A letter from the Nova Scotia government sent out to residents to warn about a pack of wolves on the loose in the province was forged by Canadian military personnel as part of a propaganda training mission that went off the rails.
The letter told residents to be wary of wolves that had been reintroduced into the area by the provincial and federal governments and warned the animals were now roaming the Annapolis Valley. The letter, which later became public, sparked concern and questions among residents but was later branded as “fake” by the Nova Scotia government which didn’t know the military was behind the deception.
The training also involved using a loudspeaker to generate wolf sounds, the Canadian Forces confirmed to this newspaper.
The fake letter was part of new skills being tested by the military as it hones its expertise for launching propaganda missions at home and abroad. The letter was developed by information warfare specialists with the Halifax Rifles, a reserve unit.

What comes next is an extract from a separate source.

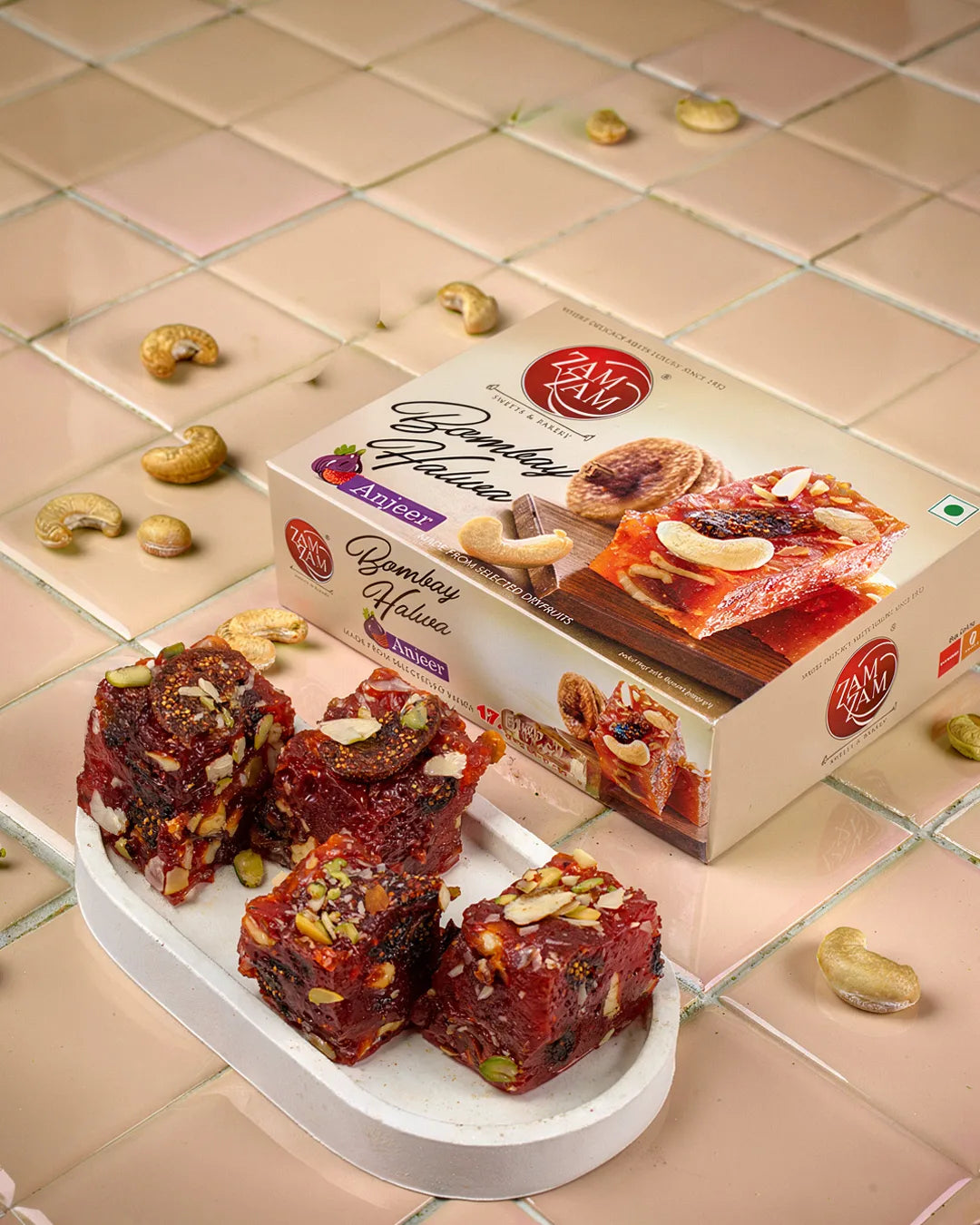 Bombay Anjeer Halwa - 250g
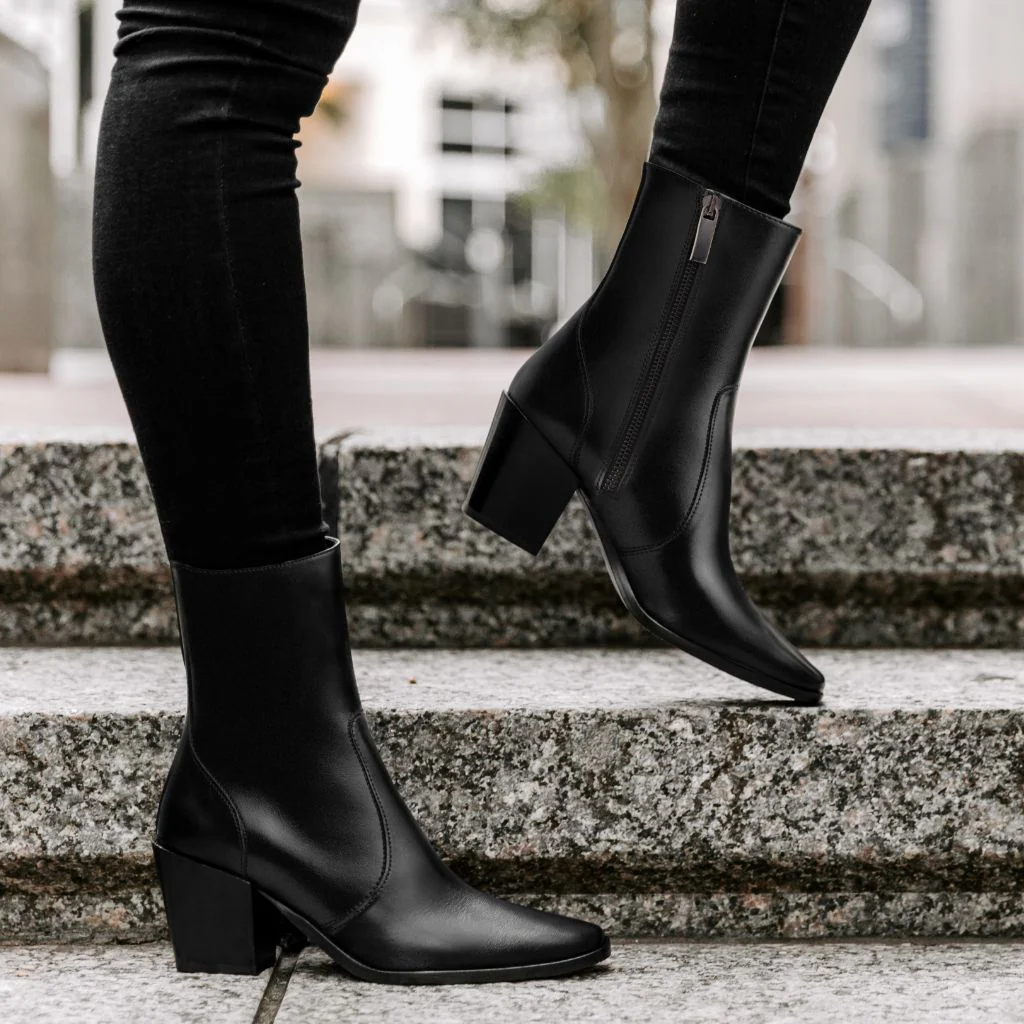Soho Zip | Black - Image 6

The Canadian Forces revealed its role behind the fake letter last week to the Nova Scotia government and then on the weekend to local news media. Media outlets reported military staff had written the letter but didn’t know why.
Emma Briant, a professor at Bard College in the U.S. who specializes in researching military propaganda, said what the Canadian Forces did was a major violation of ethics. “This is way over the top,” Briant said. “It’s a very dangerous path when you start targeting your own public with false information and trying to manipulate them.”
Briant said the deception has nothing to do with wolves; it was likely an exercise in the testing the military’s skills in trying to manipulate the population with false information. “You start a rumour about wolves on the loose and then you see how the public reacts,” she added.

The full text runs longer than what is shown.